Shares of FinTech Acquisition Corp. II (Nasdaq: FNTE) shot up when trading opened on July 19.
You can see the dramatic price move when trading opened on July 19. The box toward the upper left of the image shows an investor bought shares for $11.99 at 9:30 a.m.
Shares immediately returned to near $10, where they had been trading.
That’s an instant loss of more than 15%.
I am confident the culprit of this occurrence was a market order.
I want to tell you why you should avoid market orders when buying (or selling) a stock … especially one that doesn’t trade many shares each day.
2 Types of Trades
You see, when you buy (or sell) a stock, you can do it one of two ways. You can use a market order or a limit order.
A market order executes “at the market.” That means you pay the current price … no matter how high or low that may be.
A limit order occurs at a price you choose, and not one penny more.
When you are entering stock trades with your broker, I strongly encourage you to use limit orders. The trading activity in FNTE on July 19 in the above chart is a good example why.
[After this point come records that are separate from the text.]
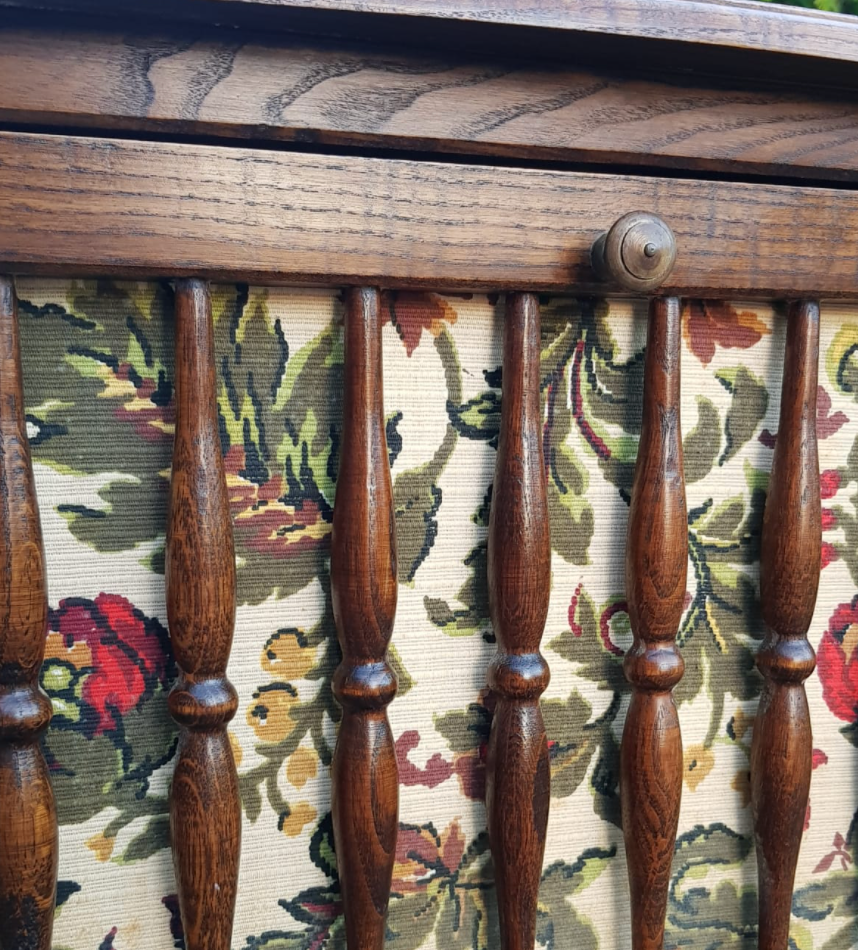 Bar furniture on roulette outdoor tapestry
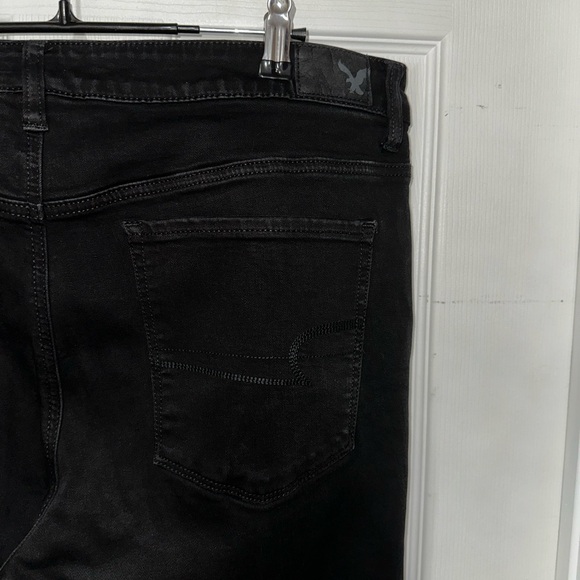 American Eagle Outfitters Black hi rise Skinny Jeans - Picture 4 of 5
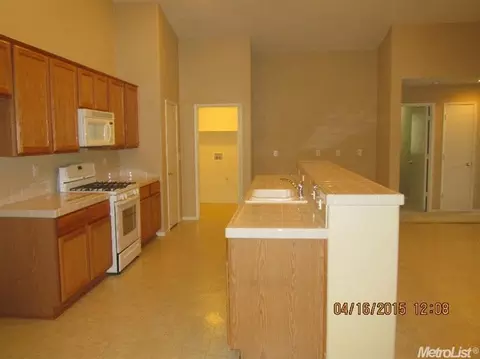 1201 Cliff Swallow Dr, Patterson, CA 95363 photo 7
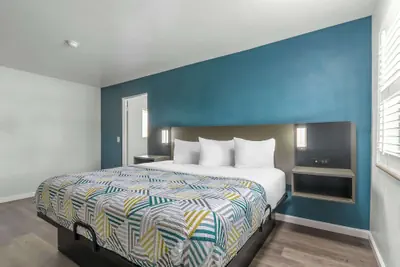 Photo 4 - Studio 6 Suites Madera, California - Yosemite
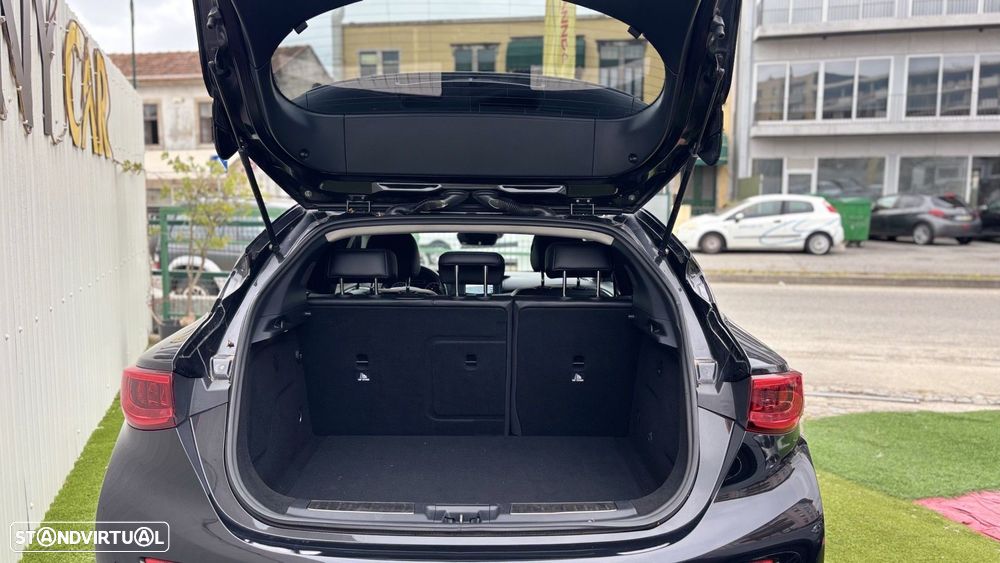 Infiniti Q30 1.5d DCT Premium City Black - 8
To place a limit order, simply select it as an option on your brokerage’s website, and enter the price you want to buy or sell shares at. The image below shows a limit order to buy 100 shares of FTNE at $10.04 per share.
Trading Like This Will Save You a Lot of Money
Since it started trading in March 2017, the median daily volume of the FNTE stock above is only 4,600 shares.
It is essential that you use a limit order if you are buying a stock that trades only a few thousand shares per day. If you only take away one thing from this essay, please make sure it is this.
If a stock only trades a small number of shares a day, there may be just a few people willing to sell shares at a given time. And those people may only sell at a price greater than the market price.
I suspect that happened in the FNTE example above. It didn’t have to, though.
Shares traded between $9.96 and $11.99 on July 19. That tells us it is likely a limit order for a price just above $10 would have been filled.
And it would have saved the buyer a chunk of change.
There Are Trade-Offs
No strategy is foolproof.
There are disadvantages to using limit orders. There is a risk you won’t get into the stock because it may not trade down to your limit price.
There’s also a chance that even if it does trade to your price, you won’t get to buy all the shares you ordered. That’s because sellers may only be willing to sell a certain number of shares at your price.
I hope these issues won’t dissuade you, though. There’s no rule that you must enter a position immediately.
And stocks are volatile. It’s likely that if the order doesn’t fill the first day you enter it, it will later.
Remember, you can enter a limit order slightly above the current price. That way, you increase the likelihood of your order filling while you ensure it doesn’t fill at a too-high price.
Investing isn’t a sprint. If there’s a stock you really want to own, it won’t hurt you if you have to wait a couple days to buy it.
To me, it is more important to get the right price than to enter a position as soon as possible.